I for one thought that the event went very well for a first-time event and was also a steep learning curve for both Rob and Ian to get to grips with the audio and video side of things, there is room for improvement to give a better viewing aspect and enjoyable experience. It is hoped that we will have learned a little more about the computer system for future demonstrations and be able to record them and use them on the club website for everyone to see again. At the same time, now we have the full complement of the Zoom facilities we are still getting to grips with the added aspect of what can be used.
Hopefully, by next month we will have enticed another club member who is willing to undergo the inspection of the lens and get used to talking through a mike and camera.
We will also be maintaining our chin wag sessions on a regular basis, so we can still discuss things as to what may be accomplished with the Zoom demonstrations.
Additional Information for Pewter.
Pewter can be beautifully crafted and is relatively easy to work with but!
********* Warning *********
Melt pewter in a well-ventilated area with access to incoming fresh air. Some pewter contains a high concentration of lead, which when melted can be toxic to inhale.
Never allow water to splash into your melting pewter.
A splash of water can cause a burst of steam to fly up onto your face or hands, potentially causing serious injury.
Place your pewter pieces into a stove-safe pot or pan.
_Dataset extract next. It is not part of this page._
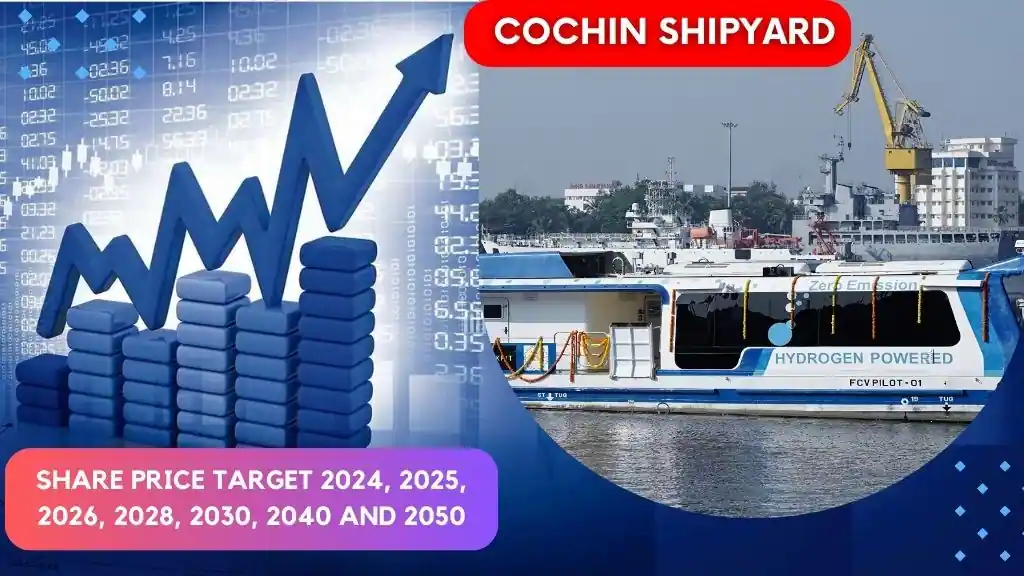 Cochin Shipyard Share Price Target 2025, 2026, 2028, 2030, 2040 to 2050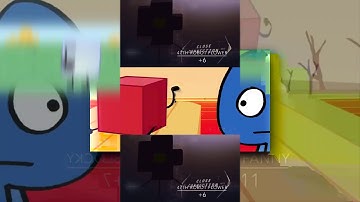 (REQUESTED) (REUPLOADED) Top 64 BFB Characters (As of BFB 16) Scan (Veg Replace)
Turn the heat on your stove up to its highest setting. Temperatures allowed by stoves vary depending on the make and source of heat; your goal is to reach the pewter’s melting point, Depending on the exact mix of metals, pewter has a melting point of 225 to 240 C (437 to 464 degrees F).
Allow the metal to melt slowly. Remember that, unlike ice, pewter does not melt gradually. The pewter will not begin to liquefy until the full piece has reached its melting point. Be patient during the melting process. Melting times will vary depending on how much pewter you melt and the temperature of your stove.
Gently stir the melting pewter with a wooden utensil. This will help the heat to distribute more evenly.
The cuttlefish bone can also be used to form a mould.
Pewter can also easily be melted over a fire, or by using a blow torch.